Whether to enforce an arbitration agreement involves two analytical steps. “First, the court must determine whether the parties agreed to arbitrate the dispute.” Will-Drill Res., Inc. v. Samson Res. Co., 352 F.3d 211,214 (5th Cir. 2003) (citation omitted); see also Kubala v. Supreme Prod. Servs., Inc., 830 F.3d 199, 201 (5th Cir. 2016) (“The first [step] is contract formation-whether the parties entered into any arbitration agreement at all.”). Second, “it must consider whether any federal statute or policy renders the claims nonarbitrable.” Will-Drill, 352 F.3d at 214 (citation omitted); see also Kubala, 830 F.3d at 201 (“The second [step] involves contract interpretation to determine whether this claim is covered by the arbitration agreement.”). In analyzing these steps, the court may consider “the pleadings and evidence on file.” Jackson v. Royal Caribbean Cruises, Ltd., 389 F.Supp.3d 431, 444 (N.D. Tex. 2019) (citing FED. R. CIV. P. 56(a)).

The Court does not address whether the Arbitration Agreement covers Plaintiffs claims because, for the reasons explained below, whether the Arbitration Agreement is binding on Plaintiff has been put in issue.

“[W]here a party attacks the very existence of an agreement, as opposed to its continued validity or enforcement, the courts must first resolve that dispute.” Will-Drill, 352 F.3d at 219. The “threshold burden” for the party attacking the arbitration agreement is to put the existence of the agreement “in issue.” Chester v. DirecTV, L.L.C., 607 Fed.Appx. 362, 363-64 (5th Cir. 2015) (citations omitted); see also Gallagher v. Vokey, 860 Fed.Appx. 354, 357 (5th Cir. 2021) (noting that the question before the court when the existence of an arbitration agreement is challenged is whether the plaintiff puts the agreement “in issue”); Trammell v. AccentCare, Inc., 776 Fed.Appx. 208, 209-10 (5th Cir. 2019) (stating that the party challenging agreement formation bears the “initial” burden so as to “limit meritless claims of invalidity” (citation omitted)). To put the existence of the agreement in issue, the party must unequivocally deny that she agreed to arbitrate and must produce “some evidence” supporting her position. Chester, 607 Fed.Appx. at 363-64. While the Fifth Circuit “has not articulated precisely what quantum of evidence is necessary to prove or disprove the existence of an agreement to arbitrate,... the party must make at least some showing that under prevailing law, he would be relieved of his contractual obligation to arbitrate if his allegations proved to be true and he must produce at least some evidence to substantiate his factual allegations.” Gallagher, 860 Fed.Appx. at 357 (cleaned up).

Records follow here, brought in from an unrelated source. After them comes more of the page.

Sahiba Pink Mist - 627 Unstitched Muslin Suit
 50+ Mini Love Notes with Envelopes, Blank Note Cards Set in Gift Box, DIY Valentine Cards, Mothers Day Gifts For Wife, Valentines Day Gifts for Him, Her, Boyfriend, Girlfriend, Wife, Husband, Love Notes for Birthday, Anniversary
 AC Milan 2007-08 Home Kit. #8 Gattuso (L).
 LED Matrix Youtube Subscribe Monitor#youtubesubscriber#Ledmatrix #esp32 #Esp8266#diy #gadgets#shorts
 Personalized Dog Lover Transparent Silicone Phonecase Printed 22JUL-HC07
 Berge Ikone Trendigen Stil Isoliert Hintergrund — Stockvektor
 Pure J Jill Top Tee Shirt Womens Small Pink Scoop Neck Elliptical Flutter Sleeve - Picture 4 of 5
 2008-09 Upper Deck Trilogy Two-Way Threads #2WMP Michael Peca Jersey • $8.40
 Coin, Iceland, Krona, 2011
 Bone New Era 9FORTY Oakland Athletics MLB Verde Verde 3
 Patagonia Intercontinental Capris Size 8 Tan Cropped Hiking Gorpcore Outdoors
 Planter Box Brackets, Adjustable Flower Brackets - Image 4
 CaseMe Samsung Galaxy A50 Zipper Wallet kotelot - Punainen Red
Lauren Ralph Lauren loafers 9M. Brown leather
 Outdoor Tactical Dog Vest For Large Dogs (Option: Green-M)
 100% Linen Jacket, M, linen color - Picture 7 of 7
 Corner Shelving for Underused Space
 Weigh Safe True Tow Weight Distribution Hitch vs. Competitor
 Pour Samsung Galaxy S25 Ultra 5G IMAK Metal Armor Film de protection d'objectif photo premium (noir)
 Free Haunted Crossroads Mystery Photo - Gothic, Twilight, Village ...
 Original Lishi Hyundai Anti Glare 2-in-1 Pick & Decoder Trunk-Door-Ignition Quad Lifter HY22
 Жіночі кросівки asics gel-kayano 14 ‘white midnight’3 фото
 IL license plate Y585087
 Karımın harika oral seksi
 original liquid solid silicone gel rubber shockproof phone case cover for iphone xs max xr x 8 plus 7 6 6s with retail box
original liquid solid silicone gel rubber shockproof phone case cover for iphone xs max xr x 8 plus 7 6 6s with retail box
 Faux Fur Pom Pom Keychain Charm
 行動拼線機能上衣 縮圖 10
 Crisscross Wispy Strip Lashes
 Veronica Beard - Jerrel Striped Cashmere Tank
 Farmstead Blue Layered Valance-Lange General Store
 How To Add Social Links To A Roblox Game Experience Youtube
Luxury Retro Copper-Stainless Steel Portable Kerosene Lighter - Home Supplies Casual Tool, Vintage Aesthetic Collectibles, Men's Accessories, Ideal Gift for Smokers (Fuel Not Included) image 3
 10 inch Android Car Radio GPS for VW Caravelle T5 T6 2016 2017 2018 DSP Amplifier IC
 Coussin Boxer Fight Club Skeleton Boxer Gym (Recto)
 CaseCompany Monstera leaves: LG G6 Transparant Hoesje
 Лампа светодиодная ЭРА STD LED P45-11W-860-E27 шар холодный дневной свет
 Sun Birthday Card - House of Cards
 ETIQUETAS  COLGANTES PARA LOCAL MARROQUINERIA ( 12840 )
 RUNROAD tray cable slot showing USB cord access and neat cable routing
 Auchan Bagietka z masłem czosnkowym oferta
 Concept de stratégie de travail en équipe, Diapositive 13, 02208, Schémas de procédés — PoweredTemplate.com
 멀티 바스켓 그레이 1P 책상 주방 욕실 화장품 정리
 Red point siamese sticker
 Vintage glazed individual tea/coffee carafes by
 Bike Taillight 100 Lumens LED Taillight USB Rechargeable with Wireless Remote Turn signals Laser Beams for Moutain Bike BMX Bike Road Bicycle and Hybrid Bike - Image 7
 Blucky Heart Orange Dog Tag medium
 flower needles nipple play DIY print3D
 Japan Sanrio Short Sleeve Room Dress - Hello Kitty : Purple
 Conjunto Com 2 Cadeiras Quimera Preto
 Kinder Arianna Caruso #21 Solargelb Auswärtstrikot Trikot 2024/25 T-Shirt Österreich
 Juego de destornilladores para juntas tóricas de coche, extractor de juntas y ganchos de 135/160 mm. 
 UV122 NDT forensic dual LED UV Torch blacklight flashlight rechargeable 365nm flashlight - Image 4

If the existence of the arbitration agreement is put in issue, the court “must hold a trial on the existence of an arbitration agreement.” Chester, 607 Fed.Appx. at 363 (citing 9 U.S.C, § 4).

Plaintiff contends that Defendant must first prove the existence of the Arbitration Agreement before she is required to put the agreement in issue. Resp. 8. The Court disagrees. Based on an examination of Fifth Circuit precedent and 9 U.S.C. § 4, much of which the Court cites here, the Court concludes that the plaintiff bears the initial burden of putting an allegedly binding arbitration agreement in issue. If the plaintiff meets her threshold burden, then the defendant must prove the existence of a binding arbitration agreement under state law by a preponderance of evidence at trial. See Chester, 607 Fed.Appx. at 363-64.

HI. ANALYSIS

For a court to dismiss an action and compel arbitration, there must first be a valid agreement to arbitrate. Defendant argues that the Court has must compel arbitration because Plaintiff signed the Arbitration Agreement. See Def.'s Br. 6-8. Plaintiff counters that she never signed the Arbitration Agreement. See Resp. 10-16. Because Plaintiff denies that she signed the Arbitration Agreement, the threshold question for the Court is whether Plaintiff has put the existence of a binding arbitration agreement in issue. The Court concludes that she has.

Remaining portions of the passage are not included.